Na New York Mercantile Exchange (Nymex), o barril de West Texas Intermediate (designação do “light sweet crude” negociado nos EUA) para entrega em janeiro terminou em 88,61 dólares, em alta de 82 centavos em relação a sexta-feira.

Em Londres, o barril de Brent do mar do Norte com o mesmo vencimento subiu 71 centavos, a 91,19 dólares.

Na China, segundo consumidor mundial de petróleo e motor do consumo mundial nos últimos anos, a inflação alcançou 5,1% em novembro, superando as previsões dos analistas e em seu nível mais alto desde julho de 2008.

“As autoridades chinesas ainda não tomaram medidas para desacelerar a economia após os números do fim de semana”, observou John Kilduff, da Again Capital.

“É uma forma de funcionar típica dos chineses, levarão seu tempo e refletirão sobre a forma de desacelerar o crescimento”, acrescentou. “Enquanto medidas não forem tomadas, continuaremos em um estado de forte demanda”.

Muitos analistas especulavam sobre uma alta das taxas de juros por parte do banco central chinês, para reduzir a inflação e evitar um reaquecimento da atividade.
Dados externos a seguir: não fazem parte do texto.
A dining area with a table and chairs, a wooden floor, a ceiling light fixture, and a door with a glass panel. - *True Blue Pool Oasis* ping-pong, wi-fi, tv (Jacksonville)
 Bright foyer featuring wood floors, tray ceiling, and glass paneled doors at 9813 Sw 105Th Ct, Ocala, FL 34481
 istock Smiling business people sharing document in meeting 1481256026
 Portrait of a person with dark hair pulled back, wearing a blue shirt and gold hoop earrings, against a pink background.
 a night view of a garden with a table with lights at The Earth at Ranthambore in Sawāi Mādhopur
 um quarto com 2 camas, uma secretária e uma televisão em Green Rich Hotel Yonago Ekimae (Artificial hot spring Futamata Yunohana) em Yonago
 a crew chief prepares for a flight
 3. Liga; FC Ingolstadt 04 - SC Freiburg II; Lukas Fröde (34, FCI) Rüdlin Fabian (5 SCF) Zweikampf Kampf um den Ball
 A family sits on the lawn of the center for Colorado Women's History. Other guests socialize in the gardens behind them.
“Se (Pequim) tivesse feito isso, iria desacelerar o crescimento econômico e afetar a demanda de petróleo”, disse Andy Lipow, de Lipow Oil Associates. “Como isso não aconteceu, as pessoas apostam em um mercado petroleiro orientado à alta, porque a demanda continua crescendo”.
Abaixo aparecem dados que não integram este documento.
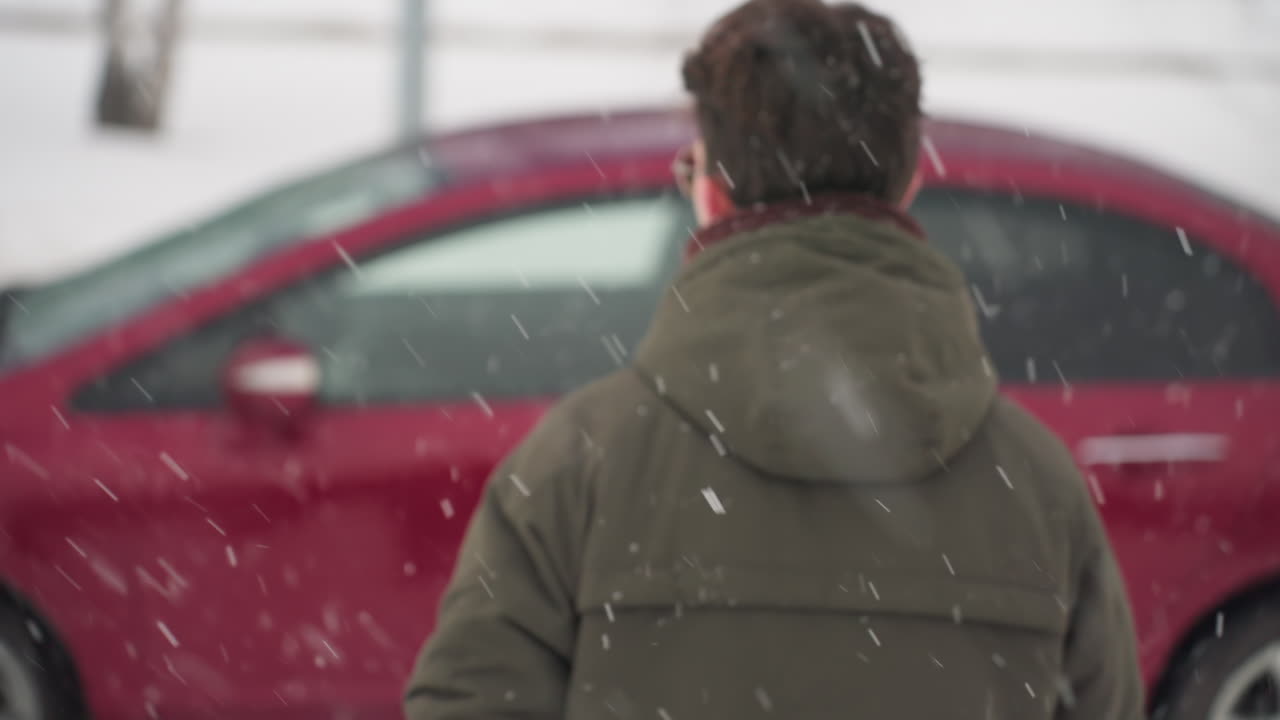 Back view of boy wearing winter jacket walking toward parked car during snow fall with trees in background and snow covering ground on cold outdoor urban day before entering vehicle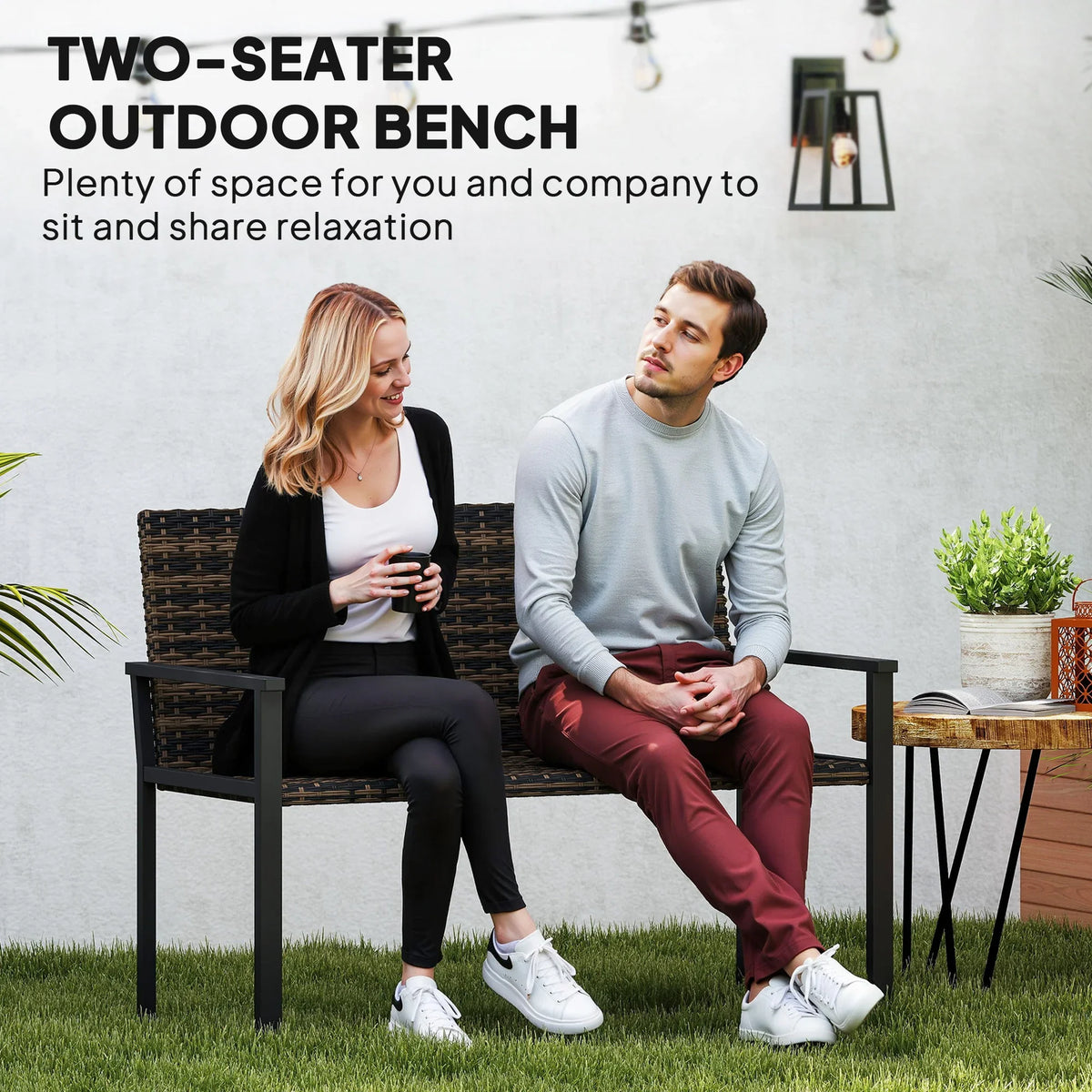 Two-seater outdoor rattan bench with two people seated, dark woven frame and armrests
Do lado da oferta, a Organização de Países Exportadores de Petróleo (OPEP) decidiu no sábado em Quito manter suas quotas de produção sem mudanças, nos níveis de janeiro de 2009. Os membros do organismo expressaram sua inquietação com a incerteza econômica que pode afetar em 2011 a demanda mundial de petróleo.

Esta decisão foi amplamente antecipada por especialistas do mercado petroleiro.